Dataset
.....

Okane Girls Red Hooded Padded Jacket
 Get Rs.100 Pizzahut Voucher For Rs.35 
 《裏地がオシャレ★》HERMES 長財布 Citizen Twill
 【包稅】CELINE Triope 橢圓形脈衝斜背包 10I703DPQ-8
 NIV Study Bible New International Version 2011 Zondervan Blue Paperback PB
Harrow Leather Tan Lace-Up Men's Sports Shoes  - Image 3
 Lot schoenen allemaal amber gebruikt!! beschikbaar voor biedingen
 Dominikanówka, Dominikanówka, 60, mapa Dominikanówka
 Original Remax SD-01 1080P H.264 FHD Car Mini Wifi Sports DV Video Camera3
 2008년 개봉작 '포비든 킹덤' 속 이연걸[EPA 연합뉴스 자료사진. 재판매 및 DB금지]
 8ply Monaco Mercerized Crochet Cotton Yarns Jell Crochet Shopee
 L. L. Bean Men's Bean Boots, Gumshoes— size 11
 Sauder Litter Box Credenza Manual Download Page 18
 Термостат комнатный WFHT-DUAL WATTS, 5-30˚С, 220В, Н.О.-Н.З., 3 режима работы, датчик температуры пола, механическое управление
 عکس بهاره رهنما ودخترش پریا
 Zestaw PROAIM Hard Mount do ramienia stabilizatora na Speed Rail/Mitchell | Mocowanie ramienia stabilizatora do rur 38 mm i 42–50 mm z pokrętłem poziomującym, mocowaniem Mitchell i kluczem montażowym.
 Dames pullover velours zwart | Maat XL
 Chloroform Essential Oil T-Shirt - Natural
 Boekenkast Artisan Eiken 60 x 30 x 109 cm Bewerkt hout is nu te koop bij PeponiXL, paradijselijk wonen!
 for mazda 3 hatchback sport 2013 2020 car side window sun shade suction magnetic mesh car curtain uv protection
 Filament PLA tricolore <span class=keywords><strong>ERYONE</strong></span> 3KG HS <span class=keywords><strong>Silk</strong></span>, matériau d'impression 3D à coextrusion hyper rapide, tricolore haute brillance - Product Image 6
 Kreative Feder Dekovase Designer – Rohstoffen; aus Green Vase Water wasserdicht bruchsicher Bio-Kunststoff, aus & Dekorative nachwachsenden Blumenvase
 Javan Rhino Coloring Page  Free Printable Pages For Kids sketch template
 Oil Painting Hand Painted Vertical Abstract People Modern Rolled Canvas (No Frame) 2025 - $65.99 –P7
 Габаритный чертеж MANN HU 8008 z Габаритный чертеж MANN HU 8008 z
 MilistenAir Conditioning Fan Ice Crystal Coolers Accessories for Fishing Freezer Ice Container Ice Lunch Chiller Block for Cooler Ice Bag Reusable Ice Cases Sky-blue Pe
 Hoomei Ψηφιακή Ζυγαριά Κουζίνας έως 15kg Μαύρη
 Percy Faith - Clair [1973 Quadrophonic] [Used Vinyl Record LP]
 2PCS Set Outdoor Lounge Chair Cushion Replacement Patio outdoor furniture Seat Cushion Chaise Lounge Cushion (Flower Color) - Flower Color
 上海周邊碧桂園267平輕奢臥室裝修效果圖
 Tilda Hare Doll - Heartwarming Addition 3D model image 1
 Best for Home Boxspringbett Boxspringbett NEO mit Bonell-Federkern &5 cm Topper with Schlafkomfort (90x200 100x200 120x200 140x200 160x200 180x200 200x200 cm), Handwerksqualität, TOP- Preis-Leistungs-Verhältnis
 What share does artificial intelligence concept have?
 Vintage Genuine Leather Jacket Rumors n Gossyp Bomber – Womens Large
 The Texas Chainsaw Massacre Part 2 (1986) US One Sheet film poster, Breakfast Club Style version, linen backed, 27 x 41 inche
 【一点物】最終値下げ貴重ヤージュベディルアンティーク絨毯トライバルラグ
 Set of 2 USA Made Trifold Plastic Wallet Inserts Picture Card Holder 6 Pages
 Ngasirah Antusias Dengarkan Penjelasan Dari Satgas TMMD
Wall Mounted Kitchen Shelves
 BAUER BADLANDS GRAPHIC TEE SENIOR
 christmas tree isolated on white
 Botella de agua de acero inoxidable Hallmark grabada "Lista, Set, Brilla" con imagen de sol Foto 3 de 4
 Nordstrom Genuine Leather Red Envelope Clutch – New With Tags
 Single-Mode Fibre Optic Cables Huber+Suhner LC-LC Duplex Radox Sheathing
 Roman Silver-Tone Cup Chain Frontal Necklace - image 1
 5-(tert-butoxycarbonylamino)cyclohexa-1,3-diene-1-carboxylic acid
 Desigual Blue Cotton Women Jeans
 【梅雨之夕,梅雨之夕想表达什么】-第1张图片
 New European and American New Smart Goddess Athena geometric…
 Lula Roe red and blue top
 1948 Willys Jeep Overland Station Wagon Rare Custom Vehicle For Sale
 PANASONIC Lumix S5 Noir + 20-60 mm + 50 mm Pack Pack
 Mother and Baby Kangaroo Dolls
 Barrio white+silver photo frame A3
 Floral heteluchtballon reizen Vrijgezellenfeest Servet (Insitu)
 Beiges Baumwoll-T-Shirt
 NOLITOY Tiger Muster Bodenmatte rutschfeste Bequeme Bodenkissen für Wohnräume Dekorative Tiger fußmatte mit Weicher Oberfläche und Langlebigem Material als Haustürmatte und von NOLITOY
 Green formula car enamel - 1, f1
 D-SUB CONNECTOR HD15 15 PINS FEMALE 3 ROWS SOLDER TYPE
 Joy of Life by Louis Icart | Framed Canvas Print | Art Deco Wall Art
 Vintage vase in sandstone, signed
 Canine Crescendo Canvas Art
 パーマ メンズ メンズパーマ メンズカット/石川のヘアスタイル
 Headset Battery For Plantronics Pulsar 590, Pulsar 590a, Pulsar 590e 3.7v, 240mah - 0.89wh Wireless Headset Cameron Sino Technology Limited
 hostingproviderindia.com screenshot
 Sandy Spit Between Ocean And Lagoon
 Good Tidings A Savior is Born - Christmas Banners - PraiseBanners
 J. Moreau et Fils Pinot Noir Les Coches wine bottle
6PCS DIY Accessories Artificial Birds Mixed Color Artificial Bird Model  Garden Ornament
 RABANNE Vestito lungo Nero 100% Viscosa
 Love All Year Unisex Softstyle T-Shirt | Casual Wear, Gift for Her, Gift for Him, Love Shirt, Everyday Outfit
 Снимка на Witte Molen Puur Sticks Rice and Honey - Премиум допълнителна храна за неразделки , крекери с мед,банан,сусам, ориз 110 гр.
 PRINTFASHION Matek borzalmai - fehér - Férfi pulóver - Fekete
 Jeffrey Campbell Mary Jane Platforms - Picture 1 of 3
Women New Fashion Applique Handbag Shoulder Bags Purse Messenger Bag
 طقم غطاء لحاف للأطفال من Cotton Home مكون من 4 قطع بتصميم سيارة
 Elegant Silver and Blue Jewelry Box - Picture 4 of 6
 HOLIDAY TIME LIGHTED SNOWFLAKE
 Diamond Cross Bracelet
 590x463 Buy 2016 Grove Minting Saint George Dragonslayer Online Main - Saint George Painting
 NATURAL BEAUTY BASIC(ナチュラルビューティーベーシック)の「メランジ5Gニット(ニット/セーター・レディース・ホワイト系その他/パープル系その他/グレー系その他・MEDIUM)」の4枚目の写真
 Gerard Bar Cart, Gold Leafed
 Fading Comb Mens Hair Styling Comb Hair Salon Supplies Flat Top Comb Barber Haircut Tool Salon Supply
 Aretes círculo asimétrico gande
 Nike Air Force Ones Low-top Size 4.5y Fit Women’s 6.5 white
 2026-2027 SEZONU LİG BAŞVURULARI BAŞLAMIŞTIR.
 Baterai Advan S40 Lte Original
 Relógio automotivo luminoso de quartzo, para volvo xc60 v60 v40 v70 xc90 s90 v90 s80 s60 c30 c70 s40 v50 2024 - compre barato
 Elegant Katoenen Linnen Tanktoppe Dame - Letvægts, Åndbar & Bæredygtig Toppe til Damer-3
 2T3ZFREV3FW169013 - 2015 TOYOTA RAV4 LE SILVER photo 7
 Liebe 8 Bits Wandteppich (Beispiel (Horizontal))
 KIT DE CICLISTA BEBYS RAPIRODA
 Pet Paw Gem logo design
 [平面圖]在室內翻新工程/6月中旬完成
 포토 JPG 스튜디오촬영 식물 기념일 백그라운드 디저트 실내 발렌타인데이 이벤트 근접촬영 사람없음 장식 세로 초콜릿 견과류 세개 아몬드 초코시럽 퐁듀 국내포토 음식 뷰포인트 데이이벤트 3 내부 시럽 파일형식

.....

Work to be completed
Write the opening line of the data above and every line after it, exactly, stopping once you have written the line with "Термостат комнатный WFHT-DUAL".

Solution
Okane Girls Red Hooded Padded Jacket
 Get Rs.100 Pizzahut Voucher For Rs.35 
 《裏地がオシャレ★》HERMES 長財布 Citizen Twill
 【包稅】CELINE Triope 橢圓形脈衝斜背包 10I703DPQ-8
 NIV Study Bible New International Version 2011 Zondervan Blue Paperback PB
Harrow Leather Tan Lace-Up Men's Sports Shoes  - Image 3
 Lot schoenen allemaal amber gebruikt!! beschikbaar voor biedingen
 Dominikanówka, Dominikanówka, 60, mapa Dominikanówka
 Original Remax SD-01 1080P H.264 FHD Car Mini Wifi Sports DV Video Camera3
 2008년 개봉작 '포비든 킹덤' 속 이연걸[EPA 연합뉴스 자료사진. 재판매 및 DB금지]
 8ply Monaco Mercerized Crochet Cotton Yarns Jell Crochet Shopee
 L. L. Bean Men's Bean Boots, Gumshoes— size 11
 Sauder Litter Box Credenza Manual Download Page 18
 Термостат комнатный WFHT-DUAL WATTS, 5-30˚С, 220В, Н.О.-Н.З., 3 режима работы, датчик температуры пола, механическое управление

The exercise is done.